Le personnage principal, Francis, est originaire de France. Son prénom, hérité de l’amour de sa mère pour Francis Cabrel, l’accompagne tout au long de son parcours. Il arrive à Montréal pour trouver sa voie et accepte un travail qui se présente à lui, car parfois, dans la vie, l’urgence de la survie pousse à opter pour un emploi auquel on n’avait pas pensé auparavant. Pourtant, cet emploi, bien que modeste, le confronte à la réalité de la vie. Depuis son guichet, il est témoin de diverses expériences humaines qu’il tente de traduire à travers les quatorze chapitres du roman, les uns plus sombres que les autres. Pour parler de ces zones d’ombre, il évoque des nuages : nuages de la semaine, nuage de ma vie, nuage invisible.

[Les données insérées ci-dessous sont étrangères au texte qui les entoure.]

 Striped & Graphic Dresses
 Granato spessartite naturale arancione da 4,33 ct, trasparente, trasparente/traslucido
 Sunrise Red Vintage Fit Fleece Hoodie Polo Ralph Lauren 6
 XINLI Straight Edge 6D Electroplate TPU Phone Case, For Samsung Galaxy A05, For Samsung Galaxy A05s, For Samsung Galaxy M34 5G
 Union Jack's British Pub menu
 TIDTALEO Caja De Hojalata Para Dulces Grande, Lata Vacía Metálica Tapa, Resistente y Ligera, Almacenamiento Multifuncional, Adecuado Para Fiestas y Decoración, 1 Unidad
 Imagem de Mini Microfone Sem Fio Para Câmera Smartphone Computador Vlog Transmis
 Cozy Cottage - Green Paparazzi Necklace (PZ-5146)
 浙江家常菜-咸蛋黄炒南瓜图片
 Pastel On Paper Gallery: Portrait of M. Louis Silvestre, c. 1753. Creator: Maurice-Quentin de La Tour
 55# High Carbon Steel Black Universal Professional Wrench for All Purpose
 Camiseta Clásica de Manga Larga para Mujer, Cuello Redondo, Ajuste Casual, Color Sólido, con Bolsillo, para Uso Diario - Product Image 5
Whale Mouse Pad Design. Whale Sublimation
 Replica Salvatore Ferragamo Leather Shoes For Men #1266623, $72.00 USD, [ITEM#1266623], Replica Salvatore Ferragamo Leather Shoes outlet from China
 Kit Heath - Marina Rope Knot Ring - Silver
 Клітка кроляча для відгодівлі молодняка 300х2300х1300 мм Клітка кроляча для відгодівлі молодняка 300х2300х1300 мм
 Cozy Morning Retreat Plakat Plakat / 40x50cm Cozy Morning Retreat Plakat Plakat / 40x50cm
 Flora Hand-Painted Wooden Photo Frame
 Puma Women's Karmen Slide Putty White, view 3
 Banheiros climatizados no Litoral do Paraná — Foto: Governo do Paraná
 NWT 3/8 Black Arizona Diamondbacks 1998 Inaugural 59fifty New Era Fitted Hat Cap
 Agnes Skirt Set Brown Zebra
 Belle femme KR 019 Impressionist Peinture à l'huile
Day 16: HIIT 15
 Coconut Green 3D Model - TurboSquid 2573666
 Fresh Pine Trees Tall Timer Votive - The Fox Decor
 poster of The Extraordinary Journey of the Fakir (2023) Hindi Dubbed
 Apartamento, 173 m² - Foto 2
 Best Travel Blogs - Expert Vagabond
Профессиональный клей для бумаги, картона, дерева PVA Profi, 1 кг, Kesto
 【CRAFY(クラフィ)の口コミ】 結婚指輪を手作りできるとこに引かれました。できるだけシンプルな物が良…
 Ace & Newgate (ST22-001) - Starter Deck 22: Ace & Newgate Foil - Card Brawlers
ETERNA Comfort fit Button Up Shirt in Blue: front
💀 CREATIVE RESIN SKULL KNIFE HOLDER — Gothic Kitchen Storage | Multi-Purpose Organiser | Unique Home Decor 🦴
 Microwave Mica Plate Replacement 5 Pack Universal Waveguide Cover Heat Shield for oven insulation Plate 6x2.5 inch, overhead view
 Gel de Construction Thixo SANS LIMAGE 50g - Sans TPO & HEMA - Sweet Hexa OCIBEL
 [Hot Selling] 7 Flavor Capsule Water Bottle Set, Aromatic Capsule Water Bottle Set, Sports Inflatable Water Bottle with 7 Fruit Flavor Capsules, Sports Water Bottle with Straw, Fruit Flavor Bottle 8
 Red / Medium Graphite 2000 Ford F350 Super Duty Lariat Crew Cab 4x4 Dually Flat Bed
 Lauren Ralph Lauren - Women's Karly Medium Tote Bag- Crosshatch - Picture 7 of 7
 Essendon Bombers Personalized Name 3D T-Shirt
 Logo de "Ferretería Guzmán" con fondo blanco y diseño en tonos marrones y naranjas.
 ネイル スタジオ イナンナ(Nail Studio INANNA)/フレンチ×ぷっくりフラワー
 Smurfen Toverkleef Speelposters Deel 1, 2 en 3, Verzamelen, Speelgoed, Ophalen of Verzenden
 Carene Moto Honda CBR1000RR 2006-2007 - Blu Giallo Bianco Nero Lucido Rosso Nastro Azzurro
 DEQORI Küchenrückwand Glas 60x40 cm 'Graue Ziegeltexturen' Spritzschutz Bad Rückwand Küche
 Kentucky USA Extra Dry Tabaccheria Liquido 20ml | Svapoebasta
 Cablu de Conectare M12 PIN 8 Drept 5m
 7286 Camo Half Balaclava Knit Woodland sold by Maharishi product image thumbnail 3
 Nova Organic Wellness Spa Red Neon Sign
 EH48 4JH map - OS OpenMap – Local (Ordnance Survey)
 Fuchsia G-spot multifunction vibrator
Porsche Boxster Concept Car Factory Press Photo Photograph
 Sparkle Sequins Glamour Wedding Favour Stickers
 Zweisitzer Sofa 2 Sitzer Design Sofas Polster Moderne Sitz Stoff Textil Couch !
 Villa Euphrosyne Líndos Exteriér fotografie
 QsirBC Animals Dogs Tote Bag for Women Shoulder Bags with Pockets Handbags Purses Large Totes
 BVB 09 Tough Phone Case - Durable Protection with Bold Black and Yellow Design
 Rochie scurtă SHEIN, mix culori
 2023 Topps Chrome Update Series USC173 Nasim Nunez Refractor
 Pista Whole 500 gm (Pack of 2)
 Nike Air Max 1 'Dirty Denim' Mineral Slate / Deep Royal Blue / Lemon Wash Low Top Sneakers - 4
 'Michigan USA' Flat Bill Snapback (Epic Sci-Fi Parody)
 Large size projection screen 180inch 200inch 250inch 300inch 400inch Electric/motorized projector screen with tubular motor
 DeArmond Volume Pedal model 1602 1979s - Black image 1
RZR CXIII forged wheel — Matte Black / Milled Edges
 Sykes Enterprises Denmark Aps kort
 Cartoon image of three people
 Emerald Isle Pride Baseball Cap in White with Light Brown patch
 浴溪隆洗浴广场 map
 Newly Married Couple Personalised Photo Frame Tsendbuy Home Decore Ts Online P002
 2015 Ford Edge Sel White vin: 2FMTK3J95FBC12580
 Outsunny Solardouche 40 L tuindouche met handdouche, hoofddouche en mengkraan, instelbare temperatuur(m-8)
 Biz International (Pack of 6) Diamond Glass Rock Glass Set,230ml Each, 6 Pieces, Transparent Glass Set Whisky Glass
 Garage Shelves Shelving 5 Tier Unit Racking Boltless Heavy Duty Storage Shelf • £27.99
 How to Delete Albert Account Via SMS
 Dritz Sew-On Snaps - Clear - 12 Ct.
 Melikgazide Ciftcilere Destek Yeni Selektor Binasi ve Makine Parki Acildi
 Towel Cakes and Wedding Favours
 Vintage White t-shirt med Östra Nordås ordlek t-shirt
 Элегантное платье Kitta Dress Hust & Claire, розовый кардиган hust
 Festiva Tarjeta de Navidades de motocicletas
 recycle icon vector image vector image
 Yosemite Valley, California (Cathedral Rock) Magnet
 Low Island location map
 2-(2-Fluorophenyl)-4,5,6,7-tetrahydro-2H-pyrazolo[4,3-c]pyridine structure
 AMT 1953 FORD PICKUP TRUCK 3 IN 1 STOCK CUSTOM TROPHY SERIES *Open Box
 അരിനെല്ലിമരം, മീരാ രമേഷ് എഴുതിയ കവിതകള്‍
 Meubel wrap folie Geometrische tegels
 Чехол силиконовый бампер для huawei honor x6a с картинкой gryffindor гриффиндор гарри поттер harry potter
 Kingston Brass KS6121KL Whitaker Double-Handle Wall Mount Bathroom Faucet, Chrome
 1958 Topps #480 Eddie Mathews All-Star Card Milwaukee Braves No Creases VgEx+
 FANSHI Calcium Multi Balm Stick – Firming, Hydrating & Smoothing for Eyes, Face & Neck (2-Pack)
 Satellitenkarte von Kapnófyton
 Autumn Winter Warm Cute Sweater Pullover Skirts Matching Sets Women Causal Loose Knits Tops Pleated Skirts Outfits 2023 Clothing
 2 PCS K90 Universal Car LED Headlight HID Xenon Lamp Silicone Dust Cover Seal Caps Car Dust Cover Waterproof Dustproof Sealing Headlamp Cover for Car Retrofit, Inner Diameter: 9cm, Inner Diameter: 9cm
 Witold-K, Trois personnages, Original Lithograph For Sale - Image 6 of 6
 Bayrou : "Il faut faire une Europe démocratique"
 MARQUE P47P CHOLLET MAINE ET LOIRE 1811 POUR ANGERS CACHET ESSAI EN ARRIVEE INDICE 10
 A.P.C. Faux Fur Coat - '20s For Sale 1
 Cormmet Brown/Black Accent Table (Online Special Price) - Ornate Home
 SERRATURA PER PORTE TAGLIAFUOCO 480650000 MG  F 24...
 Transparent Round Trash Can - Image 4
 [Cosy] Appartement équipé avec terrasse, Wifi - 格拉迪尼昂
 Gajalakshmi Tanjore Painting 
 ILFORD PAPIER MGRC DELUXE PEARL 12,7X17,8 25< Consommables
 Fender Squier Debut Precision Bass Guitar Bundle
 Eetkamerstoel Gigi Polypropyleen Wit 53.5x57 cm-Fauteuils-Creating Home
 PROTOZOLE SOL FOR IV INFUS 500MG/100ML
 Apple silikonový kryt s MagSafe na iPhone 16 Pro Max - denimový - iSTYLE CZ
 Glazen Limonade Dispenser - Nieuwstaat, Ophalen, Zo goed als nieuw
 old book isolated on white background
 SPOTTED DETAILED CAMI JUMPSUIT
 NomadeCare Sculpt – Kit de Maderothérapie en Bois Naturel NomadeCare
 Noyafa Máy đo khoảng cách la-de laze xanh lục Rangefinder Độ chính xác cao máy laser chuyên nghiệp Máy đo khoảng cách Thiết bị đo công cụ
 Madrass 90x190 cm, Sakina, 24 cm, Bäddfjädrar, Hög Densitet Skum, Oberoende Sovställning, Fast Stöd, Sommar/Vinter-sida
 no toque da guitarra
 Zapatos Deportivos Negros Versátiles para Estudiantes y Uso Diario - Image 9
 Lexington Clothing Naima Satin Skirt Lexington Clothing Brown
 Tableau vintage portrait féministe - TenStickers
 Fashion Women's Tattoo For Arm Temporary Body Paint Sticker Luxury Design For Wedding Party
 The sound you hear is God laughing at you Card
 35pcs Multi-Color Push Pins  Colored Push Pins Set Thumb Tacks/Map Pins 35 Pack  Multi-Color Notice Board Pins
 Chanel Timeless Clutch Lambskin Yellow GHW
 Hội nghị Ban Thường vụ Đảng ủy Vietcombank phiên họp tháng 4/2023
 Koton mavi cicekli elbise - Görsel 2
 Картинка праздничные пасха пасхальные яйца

Le nuage de ma vie, ou l’amour impossible… Francis tombe amoureux de Sayda, une Indienne, mais finit par se rendre compte que cette dernière est déjà mariée. Mais l’amour de Francis, c’est aussi l’émerveillement, le respect de la différence, le premier pas vers l’autre.
Ma mère, elle, était secrètement amoureuse de Francis Cabrel, comme sa cousine, sa voisine, sa tante. Francis, c’est le genre de chanteur que maman écoutait fièrement, les fenêtres grandes ouvertes dans sa voiture défraîchie, qu’il vente ou qu’il pleuve… Pas besoin de vous faire un dessin, vous avez maintenant compris d’où vient mon prénom.
Ancien agent du service client de la RATP en France, Francis n’est pas si loin de certaines habitudes, mais ici, il est un observateur attentif. De Mme St-Hilaire, l’adorable petite mémé, au professeur de philosophie à McGill ou à Moussa, l’ami fidèle, le narrateur esquisse des portraits et raconte des expériences de vie.
Pour Marine Sibileau, il ne s’agissait donc pas tant de raconter l’histoire d’un immigrant que d’étayer son écriture romanesque avec une résonance peut-être personnelle. En tant qu’immigrante elle-même, elle a pu observer certains faits sociaux. Il est donc évident que Les Nuages du métro est une œuvre issue d’une observation continue. On peut dire que Marine Sibileau propose ici une manière originale, concrète et lyrique, intime et universelle, de s’engager dans une littérature de l’exil. Finalement, elle nous livre un roman à la fois très réaliste et très drôle.